Renner, 100 andares de fumaça

Rubem Penz

Numa capital que mal engatinhava em seu processo de verticalização urbana, os dez andares das Lojas Renner ainda impressionavam, mesmo que não fossem visíveis de bairros distantes. Isso porque havia muitos prédios rivalizando em volta, alguns dos quais em terrenos mais altos. Tivesse 100 andares, aí sim! Pois, em 27 de abril de 1976, uma coluna de fuligem negra decuplicou o tamanho do edifício, fazendo com que fosse visto em um raio impressionante. Como sei? Simples: eu vi.

Este incêndio foi para minha pré-adolescência uma espécie de 11 de setembro: todos lembramos de onde estávamos naquela tarde, e a cidade nunca mais foi a mesma. Recordo de ter saído de casa logo após o almoço, a pé por algumas quadras, rumo à catequese. Subi a rampa da Igreja Nossa Senhora do Mont’Serrat e, antes de entrar, virei para trás com um colega apontando para sudoeste. Nunca vira nada parecido! Até o momento, só tinha registro de um incêndio de bom porte no Bairro Navegantes lá por 1970 (à época morava no vizinho São Geraldo), ou as imagens de TV do Edifício Joelma, em São Paulo.

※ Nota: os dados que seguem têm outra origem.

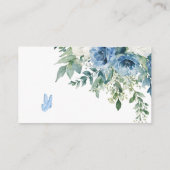 Dusty Blue Flowers Wedding QR Code RSVP エンクロージャーカード (裏面)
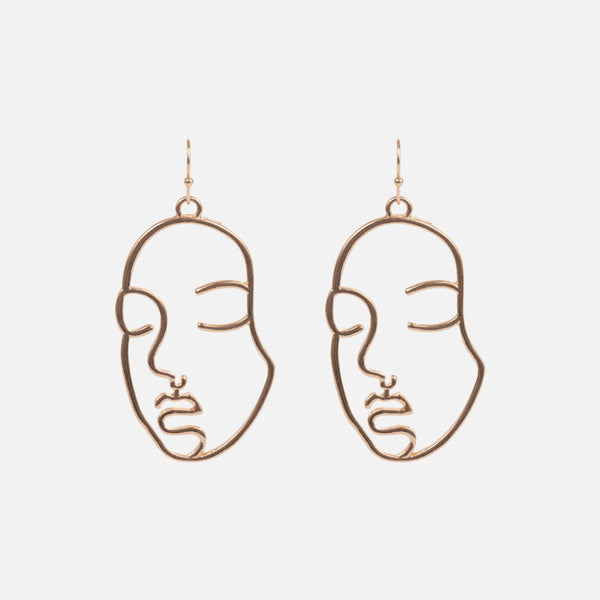 Load image into Gallery viewer, Golden woman face earrings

Cumpri as obrigações de pequeno católico sem saber exatamente o que estava acontecendo. Apenas ao chegar de volta em casa compreendi a dimensão da tragédia. Minha mãe ficava entre o rádio e o telefone – qualquer porto-alegrense bem poderia estar dentro do prédio, inclusive, e perigosamente, ela. Enquanto não soubesse de parentes e amigas, não sossegaria. Depois, por semanas, o assunto retornava: mais uma descoberta atiçava a imprensa, outro conhecido que estava lá dentro, ou passando por perto, passava sua versão da história.

Neste período, quase todo o comércio e boa parte dos serviços tinham o Centro como endereço – o primeiro shopping, ao menos nos moldes atuais, só abriu suas portas em 1982. Por isso, as grandes lojas de departamentos eram destinos obrigatórios para os gaúchos. Não demorou para eu passar por perto. Guardo na memória olfativa cheiro de queimado: ele perdurou por muito tempo nos arredores. Na retina, a cicatriz deixada na esquina da Dr. Flores com a Otávio Rocha. Na alma, o relato de quem saltou das janelas em desespero.

De lá para cá, o que mudou? Ora, não mais se consegue enxergar aquele ponto da cidade do portão da Igreja do Mont’Serrat, nem cruzar com um piá de onze anos trilhando bairros de classe média a pé e desacompanhado. O medo, outrossim, segue firme: cheiro igual nos assombrou faz pouco, quando os altos do Mercado Público incendiaram. E a boate Kiss revelou quão térreos ainda estamos quando o tema é segurança.